Fabien Baradel Natalia Neverova Julien Mille Greg Mori Christian Wolf
INSA-Lyon, LIRIS Facebook AI Research INSA-Val de Loire, LIFAM Simon Fraser University, Borealis AI INSA-Lyon, LIRIS

Benchmark

We introduce the Counterfactual Physics benchmark suite (COPHY) for counterfactual reasoning of physical dynamics from raw visual input. It is composed of three tasks based on three physical scenarios: BlocktowerCF, BallsCF and CollisionCF, defined similarly to existing state-ofthe-art environments for learning intuitive physics: Shape Stack (Groth et al., 2018), Bouncing balls environment (Chang et al., 2017) and Collision (Ye et al., 2018) respectively. This was done to ensure natural continuity between the prior art in the field and the proposed counterfactual formulation. Each scenario includes training and test samples, that we call experiments. Each experiment is represented by two sequences of synthetic RGB images (covering the time span of 6 sec at 4 fps):

  • an observed sequence demonstrates evolution of the dynamic system under the influence of laws of physics (gravity, friction, etc.), from its initial state to its final state. For simplic ity, we denote A the initial state and B the observed outcome;

  • a counterfactual sequence with an initial state C after the do-intervention, and the counterfactual outcome D.

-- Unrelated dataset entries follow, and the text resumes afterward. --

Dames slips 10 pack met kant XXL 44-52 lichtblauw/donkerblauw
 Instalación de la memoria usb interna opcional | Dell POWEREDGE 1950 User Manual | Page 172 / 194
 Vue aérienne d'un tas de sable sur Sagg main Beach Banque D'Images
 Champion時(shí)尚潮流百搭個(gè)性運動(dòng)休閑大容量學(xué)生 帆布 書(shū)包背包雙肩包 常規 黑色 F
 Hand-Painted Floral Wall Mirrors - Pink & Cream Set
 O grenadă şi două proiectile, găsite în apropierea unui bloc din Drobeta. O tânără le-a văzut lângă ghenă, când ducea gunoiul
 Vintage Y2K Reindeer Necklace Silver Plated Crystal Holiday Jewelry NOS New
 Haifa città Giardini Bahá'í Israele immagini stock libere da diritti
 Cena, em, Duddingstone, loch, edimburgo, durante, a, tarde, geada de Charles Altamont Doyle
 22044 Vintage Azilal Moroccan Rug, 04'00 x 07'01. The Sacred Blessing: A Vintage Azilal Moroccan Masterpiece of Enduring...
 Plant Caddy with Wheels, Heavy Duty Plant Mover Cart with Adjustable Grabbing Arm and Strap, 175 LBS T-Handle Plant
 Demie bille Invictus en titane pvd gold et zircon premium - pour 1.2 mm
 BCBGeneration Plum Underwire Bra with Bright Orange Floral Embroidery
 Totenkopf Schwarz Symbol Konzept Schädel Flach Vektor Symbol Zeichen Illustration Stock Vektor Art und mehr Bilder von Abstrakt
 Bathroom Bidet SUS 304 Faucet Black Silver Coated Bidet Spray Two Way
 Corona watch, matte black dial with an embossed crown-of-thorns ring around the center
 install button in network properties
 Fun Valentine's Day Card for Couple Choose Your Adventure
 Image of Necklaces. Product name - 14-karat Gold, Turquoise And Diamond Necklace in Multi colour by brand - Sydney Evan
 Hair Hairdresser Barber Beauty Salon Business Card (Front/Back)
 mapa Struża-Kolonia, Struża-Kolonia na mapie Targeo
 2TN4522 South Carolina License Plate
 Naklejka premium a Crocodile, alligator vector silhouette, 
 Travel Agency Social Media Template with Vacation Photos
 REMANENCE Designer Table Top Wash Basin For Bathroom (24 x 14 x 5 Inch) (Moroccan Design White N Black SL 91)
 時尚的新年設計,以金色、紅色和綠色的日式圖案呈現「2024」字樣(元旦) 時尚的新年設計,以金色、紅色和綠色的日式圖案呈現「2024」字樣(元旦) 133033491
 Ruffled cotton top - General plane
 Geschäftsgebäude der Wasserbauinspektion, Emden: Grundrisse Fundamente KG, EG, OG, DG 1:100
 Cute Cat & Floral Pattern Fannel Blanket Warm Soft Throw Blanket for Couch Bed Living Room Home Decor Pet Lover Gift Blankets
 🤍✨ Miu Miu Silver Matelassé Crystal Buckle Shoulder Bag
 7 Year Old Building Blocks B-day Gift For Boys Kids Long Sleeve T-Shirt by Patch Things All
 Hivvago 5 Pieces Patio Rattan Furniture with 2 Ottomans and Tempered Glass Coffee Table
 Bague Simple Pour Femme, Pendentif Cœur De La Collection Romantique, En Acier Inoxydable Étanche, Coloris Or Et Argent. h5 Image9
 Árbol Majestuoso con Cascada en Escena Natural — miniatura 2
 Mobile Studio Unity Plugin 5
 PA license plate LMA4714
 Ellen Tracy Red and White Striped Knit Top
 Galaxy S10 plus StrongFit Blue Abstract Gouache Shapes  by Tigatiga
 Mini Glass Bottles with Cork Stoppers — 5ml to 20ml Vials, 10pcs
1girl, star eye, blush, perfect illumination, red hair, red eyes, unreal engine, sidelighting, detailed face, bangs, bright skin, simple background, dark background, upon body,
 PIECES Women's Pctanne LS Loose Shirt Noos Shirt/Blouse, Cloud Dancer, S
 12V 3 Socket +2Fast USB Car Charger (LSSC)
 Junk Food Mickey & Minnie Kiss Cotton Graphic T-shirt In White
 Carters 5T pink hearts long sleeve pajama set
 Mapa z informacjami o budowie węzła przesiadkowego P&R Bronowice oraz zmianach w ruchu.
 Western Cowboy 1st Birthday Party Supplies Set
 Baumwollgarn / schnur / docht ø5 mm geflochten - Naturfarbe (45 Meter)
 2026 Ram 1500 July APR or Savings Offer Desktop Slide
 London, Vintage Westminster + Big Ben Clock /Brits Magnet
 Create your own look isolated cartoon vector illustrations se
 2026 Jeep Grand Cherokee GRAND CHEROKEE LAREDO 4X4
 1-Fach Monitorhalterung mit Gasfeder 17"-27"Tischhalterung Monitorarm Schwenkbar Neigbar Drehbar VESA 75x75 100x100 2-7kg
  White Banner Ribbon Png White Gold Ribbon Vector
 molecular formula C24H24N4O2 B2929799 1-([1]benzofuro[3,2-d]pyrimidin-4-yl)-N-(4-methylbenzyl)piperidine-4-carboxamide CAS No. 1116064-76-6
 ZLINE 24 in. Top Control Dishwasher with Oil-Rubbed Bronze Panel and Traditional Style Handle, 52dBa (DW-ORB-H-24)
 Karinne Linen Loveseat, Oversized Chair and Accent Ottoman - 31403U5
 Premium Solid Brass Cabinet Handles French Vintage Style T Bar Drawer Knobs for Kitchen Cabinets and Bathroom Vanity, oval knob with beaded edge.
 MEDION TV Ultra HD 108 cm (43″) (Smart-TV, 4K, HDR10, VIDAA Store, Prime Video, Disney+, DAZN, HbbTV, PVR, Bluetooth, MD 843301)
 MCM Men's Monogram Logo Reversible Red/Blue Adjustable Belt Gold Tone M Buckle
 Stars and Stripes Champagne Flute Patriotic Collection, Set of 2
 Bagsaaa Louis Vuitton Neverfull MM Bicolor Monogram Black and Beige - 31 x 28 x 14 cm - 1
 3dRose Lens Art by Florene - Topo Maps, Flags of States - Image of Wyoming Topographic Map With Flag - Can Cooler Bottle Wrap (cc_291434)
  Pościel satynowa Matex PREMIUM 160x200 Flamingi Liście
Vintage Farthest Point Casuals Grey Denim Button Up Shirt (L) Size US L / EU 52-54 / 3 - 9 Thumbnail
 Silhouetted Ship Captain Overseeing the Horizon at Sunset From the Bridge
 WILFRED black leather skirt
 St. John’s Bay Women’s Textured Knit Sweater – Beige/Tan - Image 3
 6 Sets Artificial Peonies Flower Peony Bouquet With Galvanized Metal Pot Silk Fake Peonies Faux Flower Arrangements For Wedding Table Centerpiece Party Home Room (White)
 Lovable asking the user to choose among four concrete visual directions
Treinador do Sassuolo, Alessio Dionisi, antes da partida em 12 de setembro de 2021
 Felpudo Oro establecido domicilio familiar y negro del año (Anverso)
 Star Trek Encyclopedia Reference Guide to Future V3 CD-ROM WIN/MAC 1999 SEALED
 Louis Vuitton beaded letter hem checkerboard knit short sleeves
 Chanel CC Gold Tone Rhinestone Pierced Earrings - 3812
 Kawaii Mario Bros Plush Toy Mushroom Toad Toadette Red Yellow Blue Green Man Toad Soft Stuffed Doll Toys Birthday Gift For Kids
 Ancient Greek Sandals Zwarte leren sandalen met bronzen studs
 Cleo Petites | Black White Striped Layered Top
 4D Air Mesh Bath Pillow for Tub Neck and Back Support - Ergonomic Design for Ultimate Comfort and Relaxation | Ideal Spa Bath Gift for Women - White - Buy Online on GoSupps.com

A do-intervention is a visually observable change introduced to the initial physical setup (such as, for instance, object displacement or removal).

Finally, the physical world in each experiment is parameterized by a set of visually unobservable quantities, or confounders (such as object masses, friction coefficients, direction and magnitude of gravitational forces), that cannot be uniquely estimated from a single time step. Our dataset provides ground truth values of all confounders for evaluation purposes. However, we do not assume access to this information during training or inference, and do not encourage it.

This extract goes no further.